## Goal of the exercise
Under this line are the records; repeat exactly the lines starting at the one containing "アンティーク建具　昭和初期　ペイント　色" and ending at the one containing "Grote South Indian", omitting pictures.
Information section start
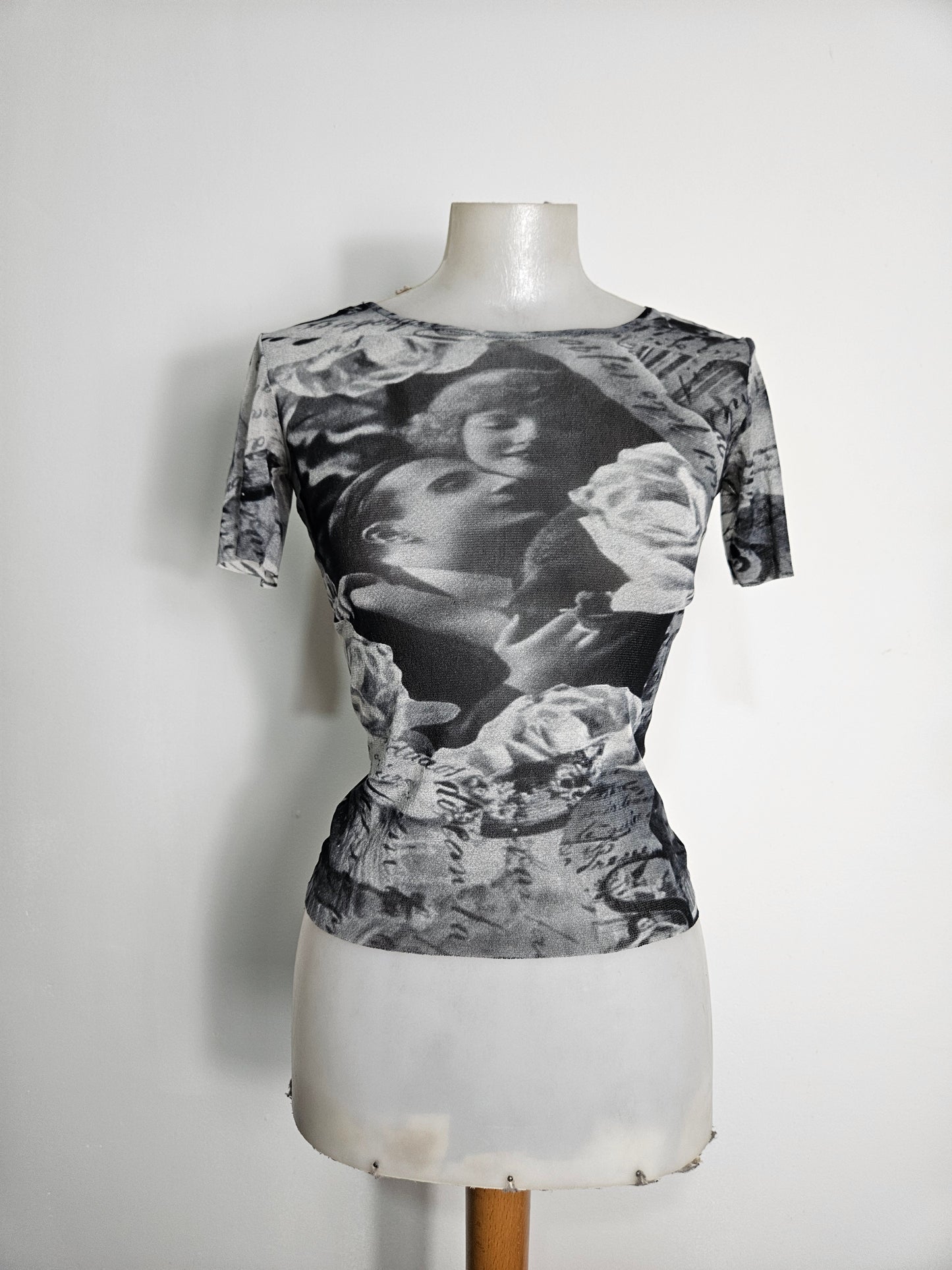 Haut en voile à motif tons gris
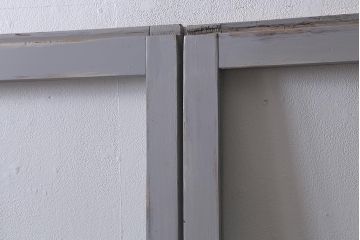アンティーク建具　昭和初期　ペイント　色ガラス・モールガラス　色ガラスがレトロなガラス戸2枚セット(引き戸、建具)(R-041321)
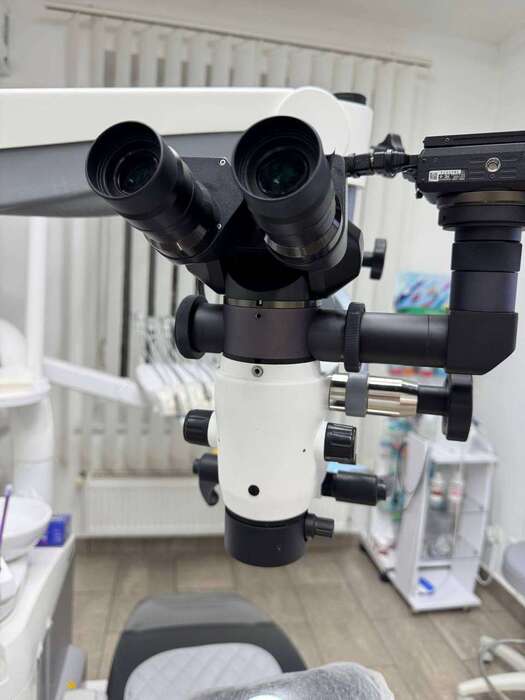 Стоматологічний мікроскоп Smart Optic стельового кріплення з дільником під камеру Sony Zooble.com.ua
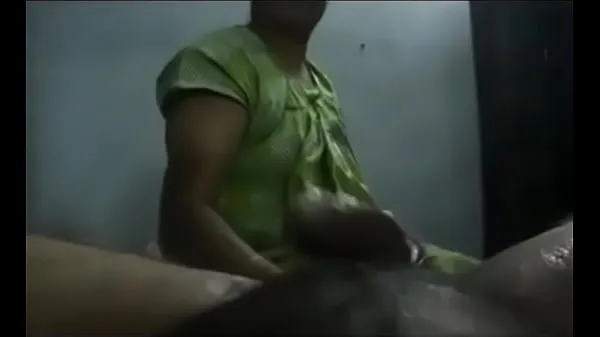 Grote South Indian aunty Juicy hand job nieuwe video's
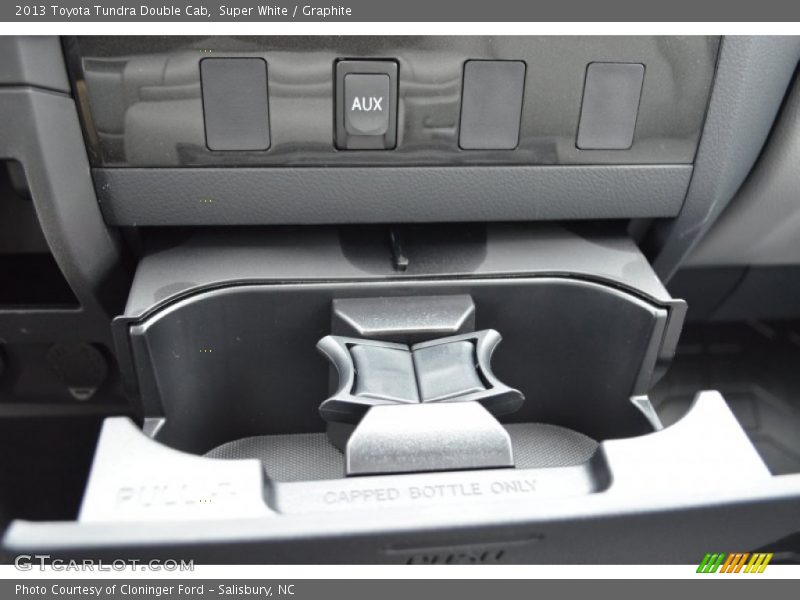 Super White / Graphite 2013 Toyota Tundra Double Cab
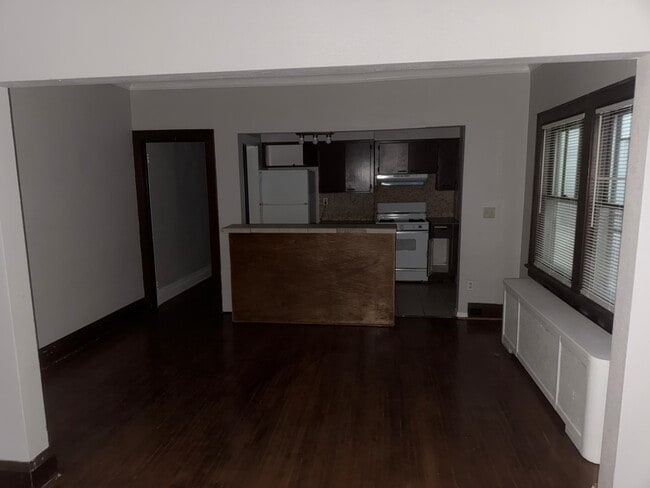 Building Photo - 3233 Chicago Ave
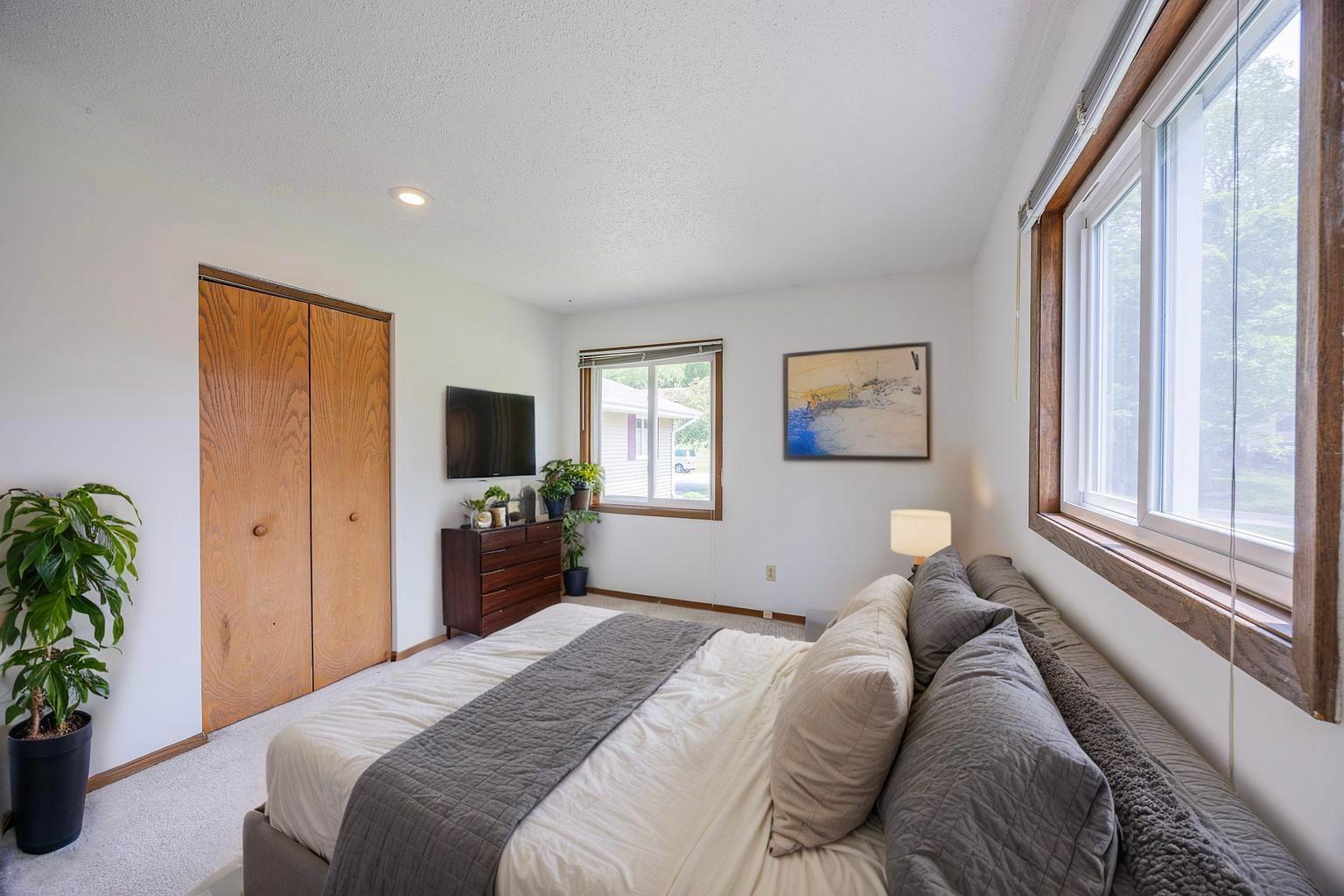 14140 Vale Court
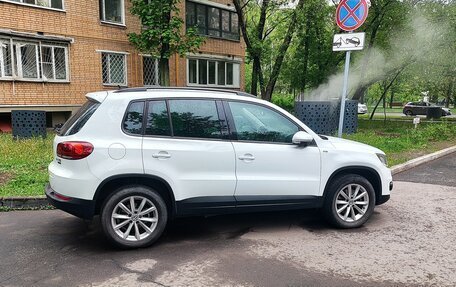 Volkswagen Tiguan I, 2015 год, 1 710 000 рублей, 2 фотография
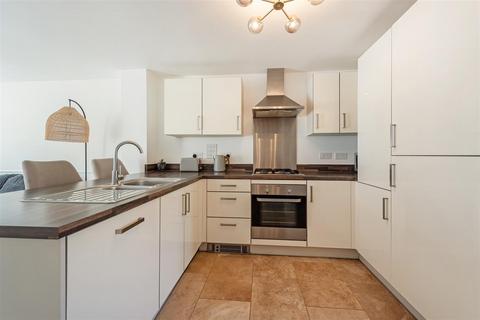 2 bedroom semi-detached house for sale, Heddle Road, Andover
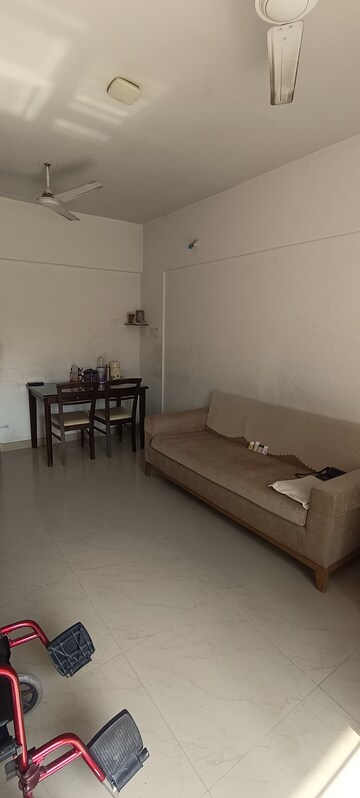 Room in 1.5 BHK Apartment at Goel Sai Ganga, Undri – for Sale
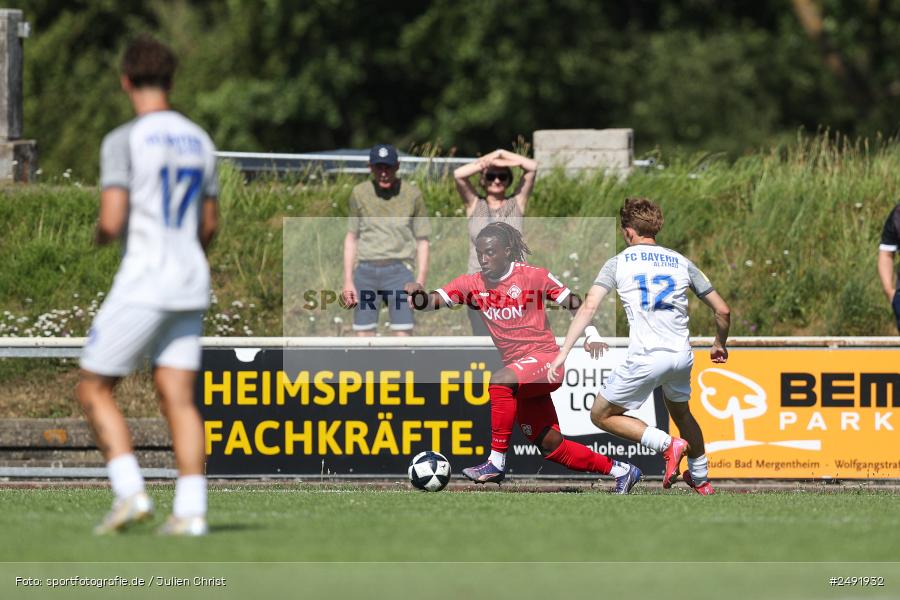 sport, action, Sportgelände, Regionalliga Südwest, Regionalliga Bayern, Fussball, FWK, FCB, FC Würzburger Kickers, FC Bayern Alzenau, Bad Mergentheim, BFV, 05.07.2025 - Bild-ID: 2491932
Information section end
## Completed exercise
アンティーク建具　昭和初期　ペイント　色ガラス・モールガラス　色ガラスがレトロなガラス戸2枚セット(引き戸、建具)(R-041321)
 Стоматологічний мікроскоп Smart Optic стельового кріплення з дільником під камеру Sony Zooble.com.ua
 Grote South Indian aunty Juicy hand job nieuwe video's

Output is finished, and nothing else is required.